3 Ways To Determine The Value Of Your Business

Congratulations, when you started your company, it may have been a far off dream to one day be successful enough to create something of value that you can live on and allow you to sell the business. If you are ready to sell, the first step to selling is to determine the value of your business, however the process of determining the value can be rather complex. There are three primary processes that can help determine the value of your business.

  1. Asset Based Approach

One of the most common ways to value a business is by starting with the asset-based approach. An asset-based approach is a type of business valuation that focuses on a company's net asset value which is identified by subtracting total liabilities from total assets. There is some room for interpretation in terms of deciding which of the company's assets and liabilities to include in the valuation and how to measure the worth of each. This is often considered one of the more simple ways to value a company because it assesses the value of each underlying asset and then combines all assets to determine the true company value.

This process will require the appraisal of the more significant assets, which could include heavy machinery and equipment, inventory, accounts receivables, and even real estate. Another asset that can be harder to quantify is the value of the relationships and future income streams that are attached to a growing list of clients.

2. Market Approach

The market approach can be used in some situations to come up with the value of your business. With this form of an assessment, a business appraiser or consultant will assess how much other businesses in the area have sold for in recent years. This assessment can be very helpful when there are a lot of direct competitions, such as if you are valuing a restaurant franchise that has a lot of active sales. However, if your business is unique, the approach may be a good starting place but will not get you all of the information that you need.

3. Income Approach

Finally, the income approach is a common way to value your business. This assesses your financial statements to determine your true adjusted revenue and after-tax income. It is common to apply a multiple to both of these figures to come up with the final business value. The multiple that is used is often based on multiples that were applied to the sale of companies in the same industry.
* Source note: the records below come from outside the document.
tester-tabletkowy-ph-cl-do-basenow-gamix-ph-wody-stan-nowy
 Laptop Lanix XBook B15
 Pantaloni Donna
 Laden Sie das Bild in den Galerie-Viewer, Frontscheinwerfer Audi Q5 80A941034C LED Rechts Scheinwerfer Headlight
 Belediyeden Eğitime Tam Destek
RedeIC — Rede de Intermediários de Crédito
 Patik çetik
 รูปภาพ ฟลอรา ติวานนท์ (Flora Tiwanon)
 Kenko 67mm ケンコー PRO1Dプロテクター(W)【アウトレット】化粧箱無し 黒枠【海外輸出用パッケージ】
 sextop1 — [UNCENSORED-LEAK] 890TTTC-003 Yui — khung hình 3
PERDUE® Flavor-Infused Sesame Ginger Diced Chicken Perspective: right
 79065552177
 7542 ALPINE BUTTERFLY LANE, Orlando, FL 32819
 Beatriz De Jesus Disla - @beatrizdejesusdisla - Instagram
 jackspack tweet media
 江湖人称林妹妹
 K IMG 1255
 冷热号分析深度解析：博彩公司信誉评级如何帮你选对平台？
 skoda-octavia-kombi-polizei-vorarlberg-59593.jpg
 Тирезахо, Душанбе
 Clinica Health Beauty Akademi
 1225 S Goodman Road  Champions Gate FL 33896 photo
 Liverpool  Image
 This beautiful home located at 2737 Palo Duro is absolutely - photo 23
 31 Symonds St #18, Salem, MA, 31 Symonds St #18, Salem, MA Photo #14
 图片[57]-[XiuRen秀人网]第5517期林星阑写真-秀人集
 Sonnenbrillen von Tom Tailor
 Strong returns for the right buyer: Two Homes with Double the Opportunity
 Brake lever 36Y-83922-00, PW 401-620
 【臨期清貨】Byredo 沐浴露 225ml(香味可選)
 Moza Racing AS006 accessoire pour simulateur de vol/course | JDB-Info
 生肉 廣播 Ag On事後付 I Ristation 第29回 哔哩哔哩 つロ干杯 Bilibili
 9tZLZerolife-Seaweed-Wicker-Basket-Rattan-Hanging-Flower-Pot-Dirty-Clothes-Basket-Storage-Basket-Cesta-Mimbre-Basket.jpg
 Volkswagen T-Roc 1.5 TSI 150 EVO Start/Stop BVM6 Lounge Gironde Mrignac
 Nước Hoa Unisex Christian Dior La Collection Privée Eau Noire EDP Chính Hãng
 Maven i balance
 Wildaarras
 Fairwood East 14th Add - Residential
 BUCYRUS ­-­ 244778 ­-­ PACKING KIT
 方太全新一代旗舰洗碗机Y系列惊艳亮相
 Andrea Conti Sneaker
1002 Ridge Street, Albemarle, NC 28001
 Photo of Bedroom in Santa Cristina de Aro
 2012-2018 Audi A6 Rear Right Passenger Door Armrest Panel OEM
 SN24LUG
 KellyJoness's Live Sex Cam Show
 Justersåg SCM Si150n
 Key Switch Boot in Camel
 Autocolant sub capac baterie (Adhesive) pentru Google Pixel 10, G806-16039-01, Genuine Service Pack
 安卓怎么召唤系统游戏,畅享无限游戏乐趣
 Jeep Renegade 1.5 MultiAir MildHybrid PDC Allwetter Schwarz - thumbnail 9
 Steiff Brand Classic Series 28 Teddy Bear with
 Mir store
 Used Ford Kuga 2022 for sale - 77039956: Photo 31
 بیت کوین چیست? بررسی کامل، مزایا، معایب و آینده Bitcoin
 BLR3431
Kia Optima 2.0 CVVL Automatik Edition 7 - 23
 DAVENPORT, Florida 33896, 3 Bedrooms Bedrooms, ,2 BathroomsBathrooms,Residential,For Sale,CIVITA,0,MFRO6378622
Stabilized companies with a long history of operations can be valued using historical income statements and tax returns, but it can be harder to value a company using this method if they are in the growth stage. Companies that are continuing to grow and have spent a lot on marketing and customer acquisition costs may not have a very positive bottom line. However, the potential that they provide can give a lot of optimism to someone that is looking to invest in a company. Due to this, it is also common to apply some form of multiple on reasonable projections for the company moving forward.

While these approaches can seem rather complicated, all can be achieved but you may need to use multiple different forms of analysis and business valuation assessments to come up with the fair value.